DATASET EXTRACT: Begin

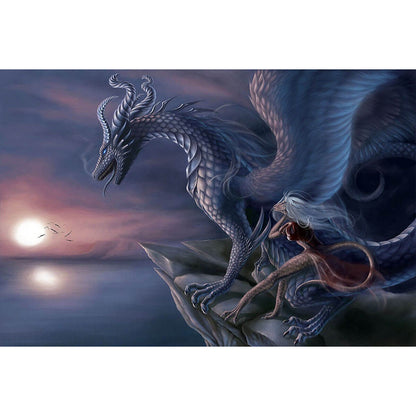 1000-Piece Premium Wooden Jigsaw Puzzle for Adults – Dragon and Girl | Artisan Crafted, Whimsical Shapes & Unique Designs, Best Relaxation Gift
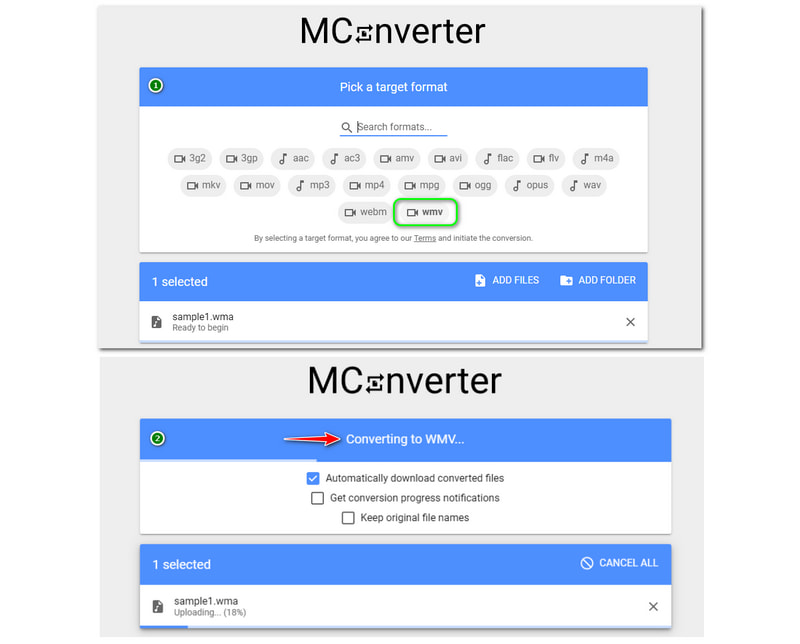 WMA에서 WMV로 MConverter WMV로 변환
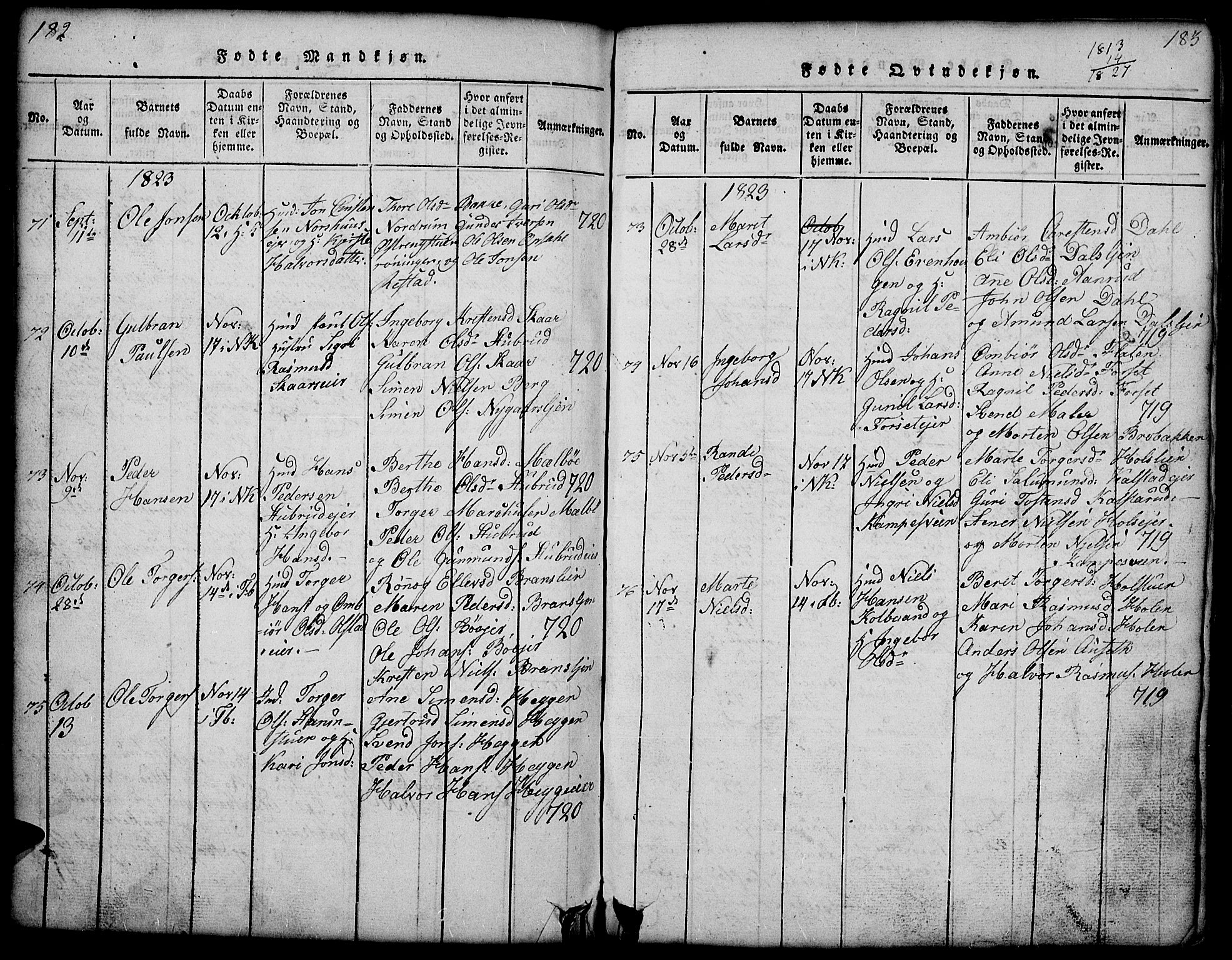 Gausdal prestekontor, SAH/PREST-090/H/Ha/Hab/L0001: Parish register (copy) no. 1, 1817-1848, p. 182-183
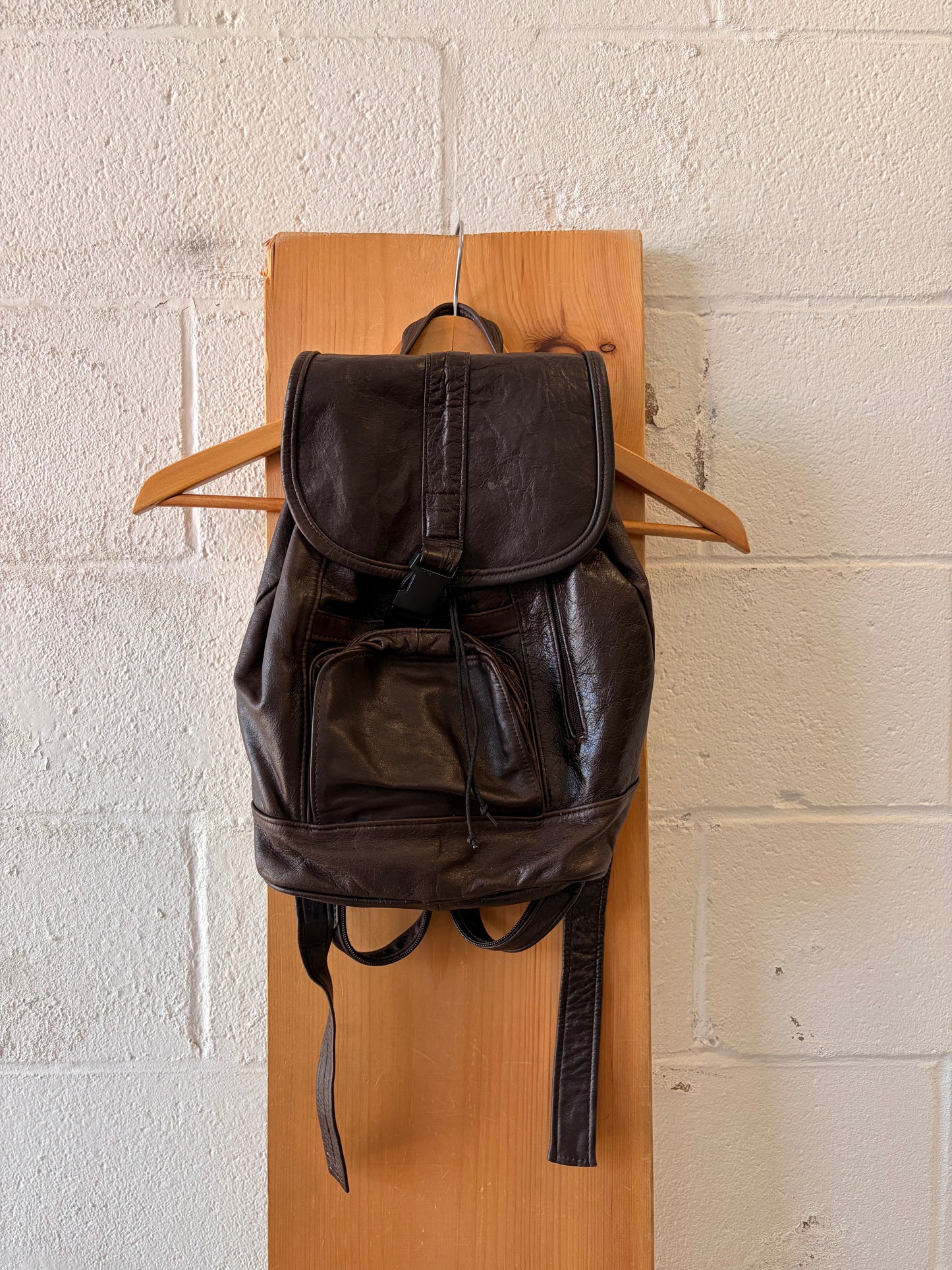 Dark Brown Drawstring Backpack / Crossbody Bag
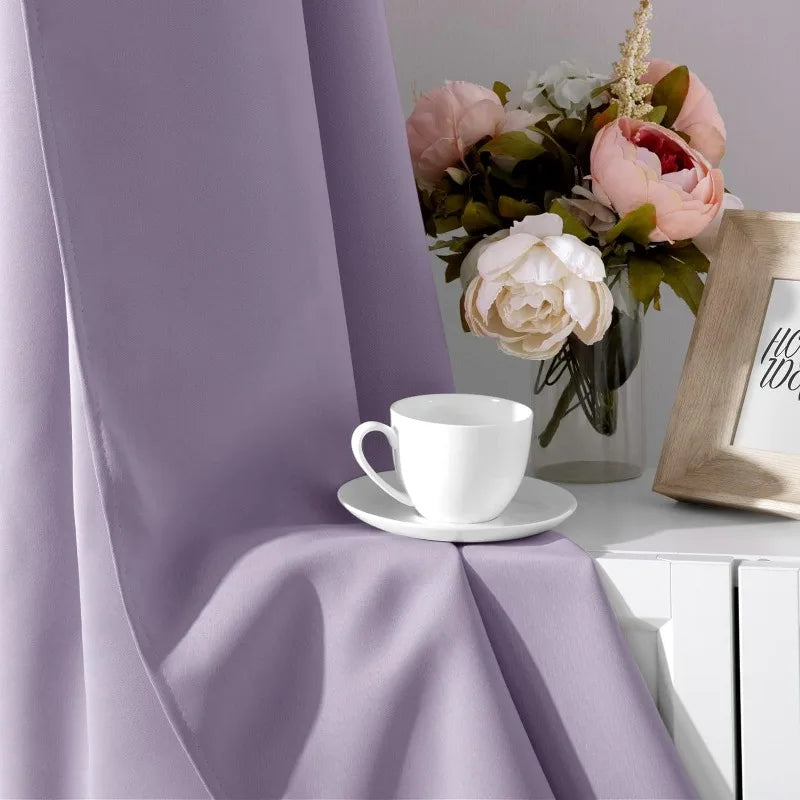 Aqua Blackout Curtains for Bedroom 52 X 84 Inch Length 2 Panels Set Room Darkening Bedroom Curtains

DATASET EXTRACT: End

Please give an exact printout of all the records, pictures aside.

ANSWER BOX
 1000-Piece Premium Wooden Jigsaw Puzzle for Adults – Dragon and Girl | Artisan Crafted, Whimsical Shapes & Unique Designs, Best Relaxation Gift
 WMA에서 WMV로 MConverter WMV로 변환
 Gausdal prestekontor, SAH/PREST-090/H/Ha/Hab/L0001: Parish register (copy) no. 1, 1817-1848, p. 182-183
 Dark Brown Drawstring Backpack / Crossbody Bag
 Aqua Blackout Curtains for Bedroom 52 X 84 Inch Length 2 Panels Set Room Darkening Bedroom Curtains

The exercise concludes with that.